Wednesday, January 7 — Shares of Indian Hotels Company (IHCL) fell nearly 3% in early trade, with the stock trading around Rs 708 on the NSE, after Morgan Stanley downgraded the stock and flagged limited near-term upside despite steady operating trends in the domestic hotel sector.
Morgan Stanley downgraded IHCL to Equalweight from Overweight while raising its target price to Rs 811 from Rs 780. The brokerage said the ongoing RevPAR upcycle is playing out largely in line with expectations, without any meaningful positive surprise that could drive further re-rating in the near term.
The brokerage expects India’s domestic hotel industry to grow at 9–10% in Q3 FY26, with room rates rising 8–9% and occupancies improving by about 1%. For IHCL, standalone RevPAR growth is estimated at around 8%, reflecting slower growth on a higher base compared with the sharp recovery phase seen earlier.
Morgan Stanley also expects IHCL to deliver around 10% year-on-year growth in standalone and consolidated EBITDA, indicating stable but moderating earnings momentum.
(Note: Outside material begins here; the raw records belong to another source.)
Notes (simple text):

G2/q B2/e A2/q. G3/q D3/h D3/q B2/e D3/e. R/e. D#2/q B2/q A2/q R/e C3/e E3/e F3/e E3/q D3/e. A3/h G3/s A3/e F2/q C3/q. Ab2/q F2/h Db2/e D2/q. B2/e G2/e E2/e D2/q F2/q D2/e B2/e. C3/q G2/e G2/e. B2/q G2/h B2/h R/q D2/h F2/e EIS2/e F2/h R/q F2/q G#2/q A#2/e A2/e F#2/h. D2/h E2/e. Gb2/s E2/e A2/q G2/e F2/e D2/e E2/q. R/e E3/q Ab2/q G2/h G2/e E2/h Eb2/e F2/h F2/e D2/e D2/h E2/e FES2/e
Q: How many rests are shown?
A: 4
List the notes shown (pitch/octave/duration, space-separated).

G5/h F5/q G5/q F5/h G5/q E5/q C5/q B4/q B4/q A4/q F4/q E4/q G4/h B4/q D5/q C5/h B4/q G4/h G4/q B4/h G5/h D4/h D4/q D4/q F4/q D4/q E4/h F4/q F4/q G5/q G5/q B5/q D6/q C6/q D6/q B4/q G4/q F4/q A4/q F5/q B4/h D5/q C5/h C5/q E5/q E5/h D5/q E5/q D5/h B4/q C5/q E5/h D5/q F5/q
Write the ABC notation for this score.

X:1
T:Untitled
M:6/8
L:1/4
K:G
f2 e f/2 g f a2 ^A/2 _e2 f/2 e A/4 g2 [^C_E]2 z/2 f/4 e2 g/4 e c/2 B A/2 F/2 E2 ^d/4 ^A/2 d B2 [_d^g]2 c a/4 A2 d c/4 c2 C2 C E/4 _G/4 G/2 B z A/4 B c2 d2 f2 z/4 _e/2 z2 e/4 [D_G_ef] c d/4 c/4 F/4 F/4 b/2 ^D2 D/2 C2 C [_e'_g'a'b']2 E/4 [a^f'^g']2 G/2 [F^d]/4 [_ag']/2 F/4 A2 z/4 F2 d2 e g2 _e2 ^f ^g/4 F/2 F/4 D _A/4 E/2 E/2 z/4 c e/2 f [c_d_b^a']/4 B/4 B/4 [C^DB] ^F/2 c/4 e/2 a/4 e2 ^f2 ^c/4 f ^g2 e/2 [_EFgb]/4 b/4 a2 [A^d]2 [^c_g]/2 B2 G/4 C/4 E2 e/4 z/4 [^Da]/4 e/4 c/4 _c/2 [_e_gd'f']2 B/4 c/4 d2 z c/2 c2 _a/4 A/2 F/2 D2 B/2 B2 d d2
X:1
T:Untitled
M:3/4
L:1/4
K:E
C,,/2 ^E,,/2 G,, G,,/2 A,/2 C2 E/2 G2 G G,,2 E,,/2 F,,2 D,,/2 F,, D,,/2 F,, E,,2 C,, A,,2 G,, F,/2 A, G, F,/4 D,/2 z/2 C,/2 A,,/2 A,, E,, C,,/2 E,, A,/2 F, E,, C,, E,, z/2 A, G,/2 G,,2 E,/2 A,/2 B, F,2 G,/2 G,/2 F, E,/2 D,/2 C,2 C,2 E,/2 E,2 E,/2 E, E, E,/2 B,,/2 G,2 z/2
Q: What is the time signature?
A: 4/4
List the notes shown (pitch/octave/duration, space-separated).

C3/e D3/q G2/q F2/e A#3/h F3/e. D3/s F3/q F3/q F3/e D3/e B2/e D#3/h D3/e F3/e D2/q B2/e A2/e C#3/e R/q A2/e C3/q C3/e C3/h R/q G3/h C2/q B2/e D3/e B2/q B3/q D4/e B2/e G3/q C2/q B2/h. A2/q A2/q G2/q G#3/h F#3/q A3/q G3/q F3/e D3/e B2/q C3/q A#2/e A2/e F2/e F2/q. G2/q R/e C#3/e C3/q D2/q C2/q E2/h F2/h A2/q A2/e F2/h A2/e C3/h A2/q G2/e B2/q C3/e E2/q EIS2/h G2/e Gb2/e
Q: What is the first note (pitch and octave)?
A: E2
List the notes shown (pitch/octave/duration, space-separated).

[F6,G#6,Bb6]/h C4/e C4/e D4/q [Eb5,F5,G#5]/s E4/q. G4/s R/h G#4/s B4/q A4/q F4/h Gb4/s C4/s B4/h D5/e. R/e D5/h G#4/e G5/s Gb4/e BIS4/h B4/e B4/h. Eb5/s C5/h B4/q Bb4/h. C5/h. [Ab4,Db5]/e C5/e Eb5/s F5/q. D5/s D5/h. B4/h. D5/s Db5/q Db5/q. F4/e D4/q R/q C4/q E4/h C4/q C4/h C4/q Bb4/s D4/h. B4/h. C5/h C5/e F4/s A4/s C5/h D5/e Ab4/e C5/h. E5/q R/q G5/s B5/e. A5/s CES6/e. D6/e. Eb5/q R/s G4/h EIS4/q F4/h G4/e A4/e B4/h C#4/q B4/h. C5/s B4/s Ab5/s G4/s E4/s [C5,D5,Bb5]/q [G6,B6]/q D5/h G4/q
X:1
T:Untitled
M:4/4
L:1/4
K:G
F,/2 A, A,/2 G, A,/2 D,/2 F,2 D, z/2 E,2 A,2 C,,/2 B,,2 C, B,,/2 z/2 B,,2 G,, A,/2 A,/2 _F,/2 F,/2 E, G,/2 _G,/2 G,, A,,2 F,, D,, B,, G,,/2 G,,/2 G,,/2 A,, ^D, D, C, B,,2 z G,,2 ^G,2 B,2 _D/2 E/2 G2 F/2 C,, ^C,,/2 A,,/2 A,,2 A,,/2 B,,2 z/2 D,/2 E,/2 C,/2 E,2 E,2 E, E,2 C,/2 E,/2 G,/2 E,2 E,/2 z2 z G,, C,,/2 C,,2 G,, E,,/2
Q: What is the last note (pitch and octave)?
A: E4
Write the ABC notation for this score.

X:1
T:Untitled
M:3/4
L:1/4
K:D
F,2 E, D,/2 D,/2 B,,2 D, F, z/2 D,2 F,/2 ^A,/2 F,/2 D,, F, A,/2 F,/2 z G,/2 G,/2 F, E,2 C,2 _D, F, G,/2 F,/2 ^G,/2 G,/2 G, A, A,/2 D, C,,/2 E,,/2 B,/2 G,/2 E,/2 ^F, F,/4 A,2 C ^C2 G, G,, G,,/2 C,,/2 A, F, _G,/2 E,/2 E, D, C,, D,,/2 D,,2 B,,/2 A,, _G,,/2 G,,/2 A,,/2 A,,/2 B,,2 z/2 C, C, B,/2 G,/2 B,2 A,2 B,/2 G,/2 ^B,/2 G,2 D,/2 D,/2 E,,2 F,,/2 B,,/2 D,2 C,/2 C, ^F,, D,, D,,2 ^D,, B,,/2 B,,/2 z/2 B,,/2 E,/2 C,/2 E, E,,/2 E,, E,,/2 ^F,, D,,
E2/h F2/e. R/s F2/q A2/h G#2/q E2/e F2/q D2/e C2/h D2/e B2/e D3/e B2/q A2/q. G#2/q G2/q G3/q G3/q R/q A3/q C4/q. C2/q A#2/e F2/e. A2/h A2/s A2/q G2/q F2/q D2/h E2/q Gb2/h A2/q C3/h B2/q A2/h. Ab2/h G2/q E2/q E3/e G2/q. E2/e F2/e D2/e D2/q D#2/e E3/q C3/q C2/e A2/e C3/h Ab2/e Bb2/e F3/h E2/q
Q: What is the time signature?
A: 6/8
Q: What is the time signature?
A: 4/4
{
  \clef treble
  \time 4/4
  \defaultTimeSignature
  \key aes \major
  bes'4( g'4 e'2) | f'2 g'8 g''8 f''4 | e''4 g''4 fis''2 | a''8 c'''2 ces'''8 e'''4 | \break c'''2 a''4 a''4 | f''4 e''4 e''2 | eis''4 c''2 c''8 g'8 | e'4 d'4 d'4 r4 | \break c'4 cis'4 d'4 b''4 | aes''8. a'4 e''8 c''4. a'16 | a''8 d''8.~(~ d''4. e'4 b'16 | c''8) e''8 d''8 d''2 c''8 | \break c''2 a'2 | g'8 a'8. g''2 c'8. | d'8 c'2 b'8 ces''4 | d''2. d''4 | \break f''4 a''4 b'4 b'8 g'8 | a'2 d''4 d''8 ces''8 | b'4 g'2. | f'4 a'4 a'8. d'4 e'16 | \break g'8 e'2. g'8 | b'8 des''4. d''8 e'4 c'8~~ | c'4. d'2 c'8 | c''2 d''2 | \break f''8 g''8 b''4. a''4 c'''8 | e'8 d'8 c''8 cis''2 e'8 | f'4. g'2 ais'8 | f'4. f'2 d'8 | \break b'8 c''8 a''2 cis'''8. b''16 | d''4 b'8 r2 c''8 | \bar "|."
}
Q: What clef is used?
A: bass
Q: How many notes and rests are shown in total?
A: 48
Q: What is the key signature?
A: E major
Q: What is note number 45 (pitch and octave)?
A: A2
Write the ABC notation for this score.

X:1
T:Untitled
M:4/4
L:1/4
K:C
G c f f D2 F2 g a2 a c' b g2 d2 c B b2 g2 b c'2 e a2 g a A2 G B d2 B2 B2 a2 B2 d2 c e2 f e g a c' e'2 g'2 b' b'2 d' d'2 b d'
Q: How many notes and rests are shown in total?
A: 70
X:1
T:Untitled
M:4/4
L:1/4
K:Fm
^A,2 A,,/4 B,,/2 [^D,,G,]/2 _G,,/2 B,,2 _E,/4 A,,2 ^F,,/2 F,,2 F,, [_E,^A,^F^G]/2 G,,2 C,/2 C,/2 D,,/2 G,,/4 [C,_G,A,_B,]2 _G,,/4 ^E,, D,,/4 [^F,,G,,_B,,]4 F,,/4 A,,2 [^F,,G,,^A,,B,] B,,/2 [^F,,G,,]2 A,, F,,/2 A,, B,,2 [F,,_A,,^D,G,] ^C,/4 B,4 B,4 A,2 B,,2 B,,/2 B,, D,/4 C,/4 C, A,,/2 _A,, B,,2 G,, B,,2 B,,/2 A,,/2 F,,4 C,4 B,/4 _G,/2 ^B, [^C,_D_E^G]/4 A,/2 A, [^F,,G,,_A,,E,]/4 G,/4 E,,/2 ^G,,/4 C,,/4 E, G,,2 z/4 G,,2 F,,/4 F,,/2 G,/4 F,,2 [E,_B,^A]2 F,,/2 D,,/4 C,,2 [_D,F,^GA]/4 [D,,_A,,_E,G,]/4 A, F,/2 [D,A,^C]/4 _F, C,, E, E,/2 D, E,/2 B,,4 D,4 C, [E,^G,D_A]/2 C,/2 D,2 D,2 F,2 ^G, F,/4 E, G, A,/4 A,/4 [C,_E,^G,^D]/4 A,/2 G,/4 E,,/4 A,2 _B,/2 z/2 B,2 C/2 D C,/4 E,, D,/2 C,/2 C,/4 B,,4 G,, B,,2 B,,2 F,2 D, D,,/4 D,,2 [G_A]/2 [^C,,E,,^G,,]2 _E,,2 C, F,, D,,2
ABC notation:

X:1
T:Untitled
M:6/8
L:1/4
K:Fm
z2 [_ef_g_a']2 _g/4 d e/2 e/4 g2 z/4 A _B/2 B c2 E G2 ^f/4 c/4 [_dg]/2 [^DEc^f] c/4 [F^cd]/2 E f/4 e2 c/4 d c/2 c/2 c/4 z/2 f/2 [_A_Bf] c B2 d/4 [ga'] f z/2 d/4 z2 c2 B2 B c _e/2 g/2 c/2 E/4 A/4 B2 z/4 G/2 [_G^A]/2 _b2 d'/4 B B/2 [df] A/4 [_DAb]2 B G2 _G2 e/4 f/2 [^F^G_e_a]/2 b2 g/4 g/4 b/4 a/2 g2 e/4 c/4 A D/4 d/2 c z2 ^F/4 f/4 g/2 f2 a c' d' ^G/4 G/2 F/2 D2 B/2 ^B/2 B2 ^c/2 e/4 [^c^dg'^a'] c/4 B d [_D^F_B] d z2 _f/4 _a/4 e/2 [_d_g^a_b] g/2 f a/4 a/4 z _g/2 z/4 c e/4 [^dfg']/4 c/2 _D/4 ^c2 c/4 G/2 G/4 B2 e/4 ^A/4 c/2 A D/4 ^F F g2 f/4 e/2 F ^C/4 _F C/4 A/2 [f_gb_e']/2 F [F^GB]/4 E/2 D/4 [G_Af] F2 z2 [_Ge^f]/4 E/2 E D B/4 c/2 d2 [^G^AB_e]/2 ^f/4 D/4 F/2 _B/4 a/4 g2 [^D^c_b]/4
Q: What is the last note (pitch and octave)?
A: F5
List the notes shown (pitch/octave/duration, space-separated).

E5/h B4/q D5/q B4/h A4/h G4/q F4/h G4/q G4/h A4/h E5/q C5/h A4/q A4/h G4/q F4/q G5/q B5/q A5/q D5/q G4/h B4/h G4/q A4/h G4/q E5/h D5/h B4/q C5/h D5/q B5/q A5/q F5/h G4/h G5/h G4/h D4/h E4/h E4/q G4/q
However, the brokerage cut its FY26–FY28 EPS estimates by 2–3%, citing slightly lower RevPAR assumptions and margin expectations.
The downgrade appears to have weighed on investor sentiment, as markets reacted to the view that while fundamentals remain healthy, valuation comfort and upside catalysts may be limited in the near term. The stock’s decline comes despite continued strength in domestic travel demand and steady operating performance across IHCL’s portfolio.